***** SUPPLIED INFORMATION *****
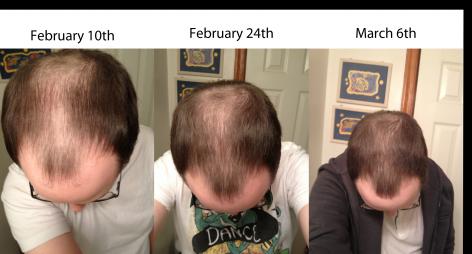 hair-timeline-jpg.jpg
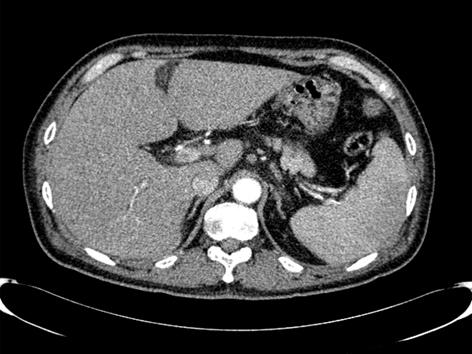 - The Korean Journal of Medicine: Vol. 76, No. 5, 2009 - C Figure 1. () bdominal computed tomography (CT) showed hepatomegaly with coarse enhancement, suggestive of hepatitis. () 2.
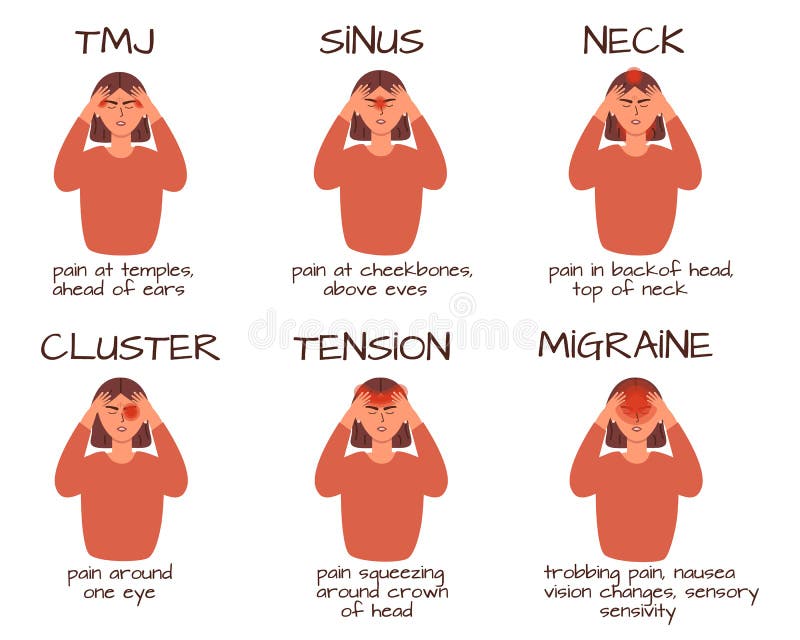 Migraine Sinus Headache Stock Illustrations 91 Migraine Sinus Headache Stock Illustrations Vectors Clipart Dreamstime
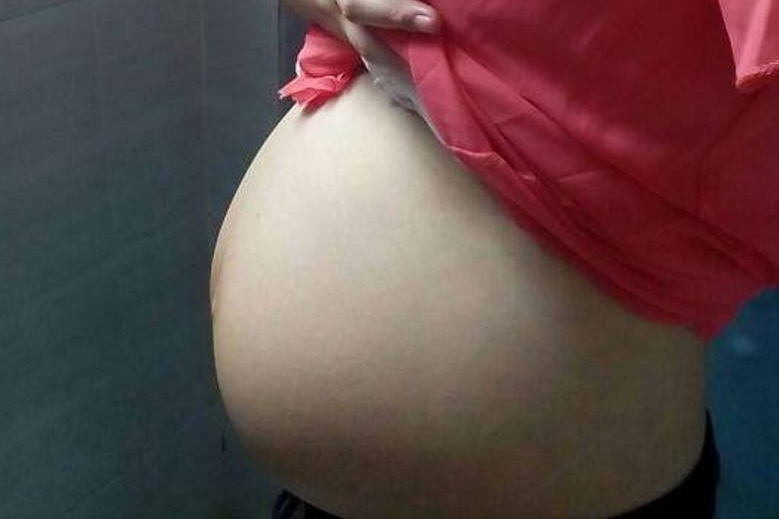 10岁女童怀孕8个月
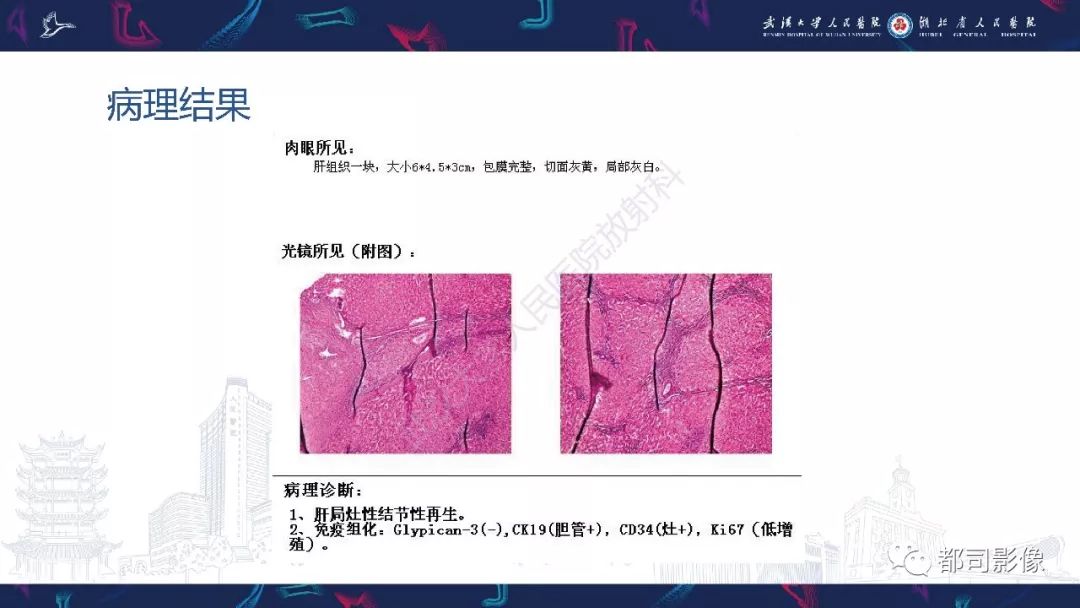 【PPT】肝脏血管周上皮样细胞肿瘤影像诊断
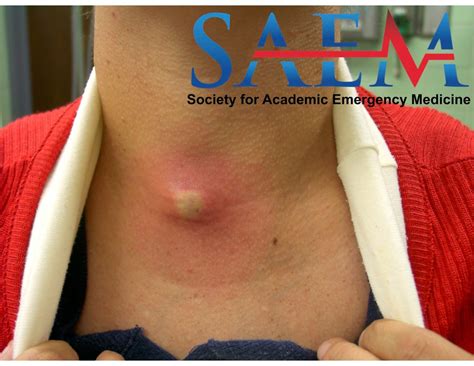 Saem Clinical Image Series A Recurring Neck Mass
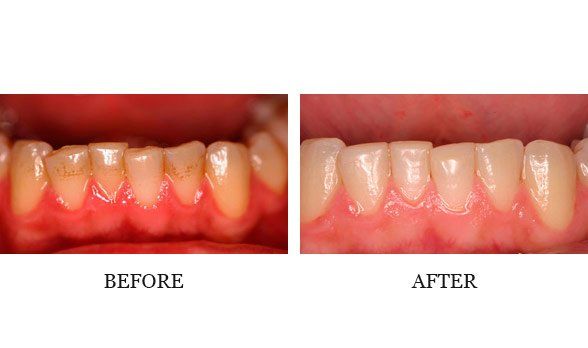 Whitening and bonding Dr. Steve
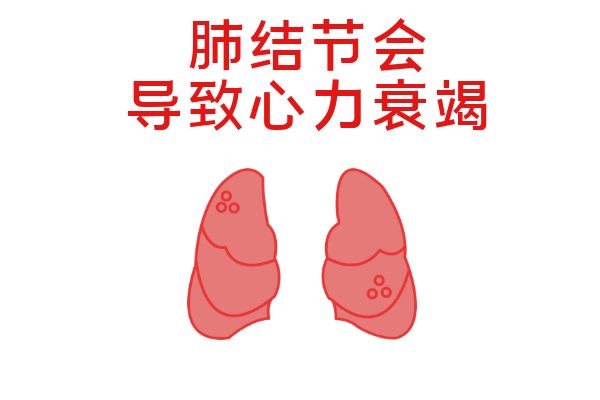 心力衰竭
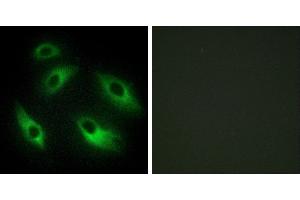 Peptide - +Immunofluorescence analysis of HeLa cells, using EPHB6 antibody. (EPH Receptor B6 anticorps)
*****
***** SUPPLIED INFORMATION *****
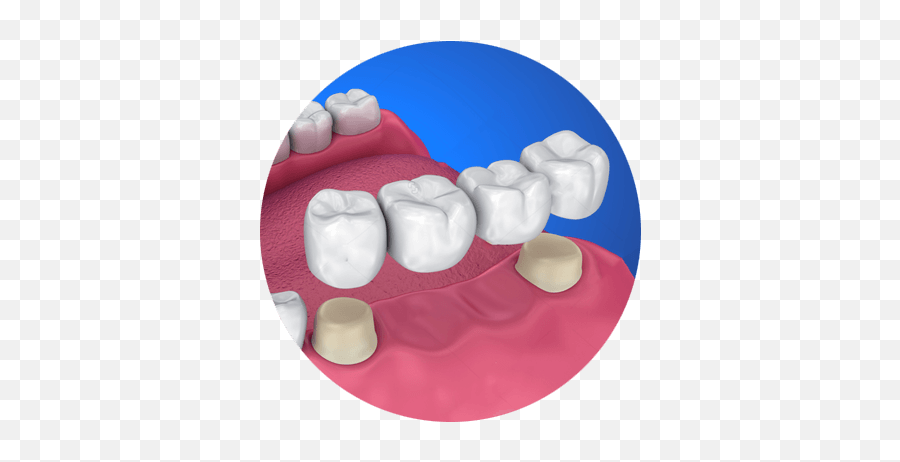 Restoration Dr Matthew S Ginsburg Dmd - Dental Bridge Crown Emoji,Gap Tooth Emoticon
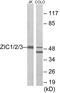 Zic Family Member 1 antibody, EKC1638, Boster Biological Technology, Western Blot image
*****
***** SUPPLIED INFORMATION *****
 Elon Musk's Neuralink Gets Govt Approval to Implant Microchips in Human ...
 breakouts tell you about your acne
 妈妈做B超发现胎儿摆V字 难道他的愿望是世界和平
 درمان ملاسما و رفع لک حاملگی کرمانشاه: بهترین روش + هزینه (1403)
*****
[WORK ITEM] Reproduce exactly the lines above starting at the line containing "Migraine Sinus Headache Stock Illustrations 91" and ending at the line containing "Peptide - +Immunofluorescence", including both, but not the pictures.

[TASK OUTPUT]
 Migraine Sinus Headache Stock Illustrations 91 Migraine Sinus Headache Stock Illustrations Vectors Clipart Dreamstime
 10岁女童怀孕8个月
 【PPT】肝脏血管周上皮样细胞肿瘤影像诊断
 Saem Clinical Image Series A Recurring Neck Mass
 Whitening and bonding Dr. Steve
 心力衰竭
 Peptide - +Immunofluorescence analysis of HeLa cells, using EPHB6 antibody. (EPH Receptor B6 anticorps)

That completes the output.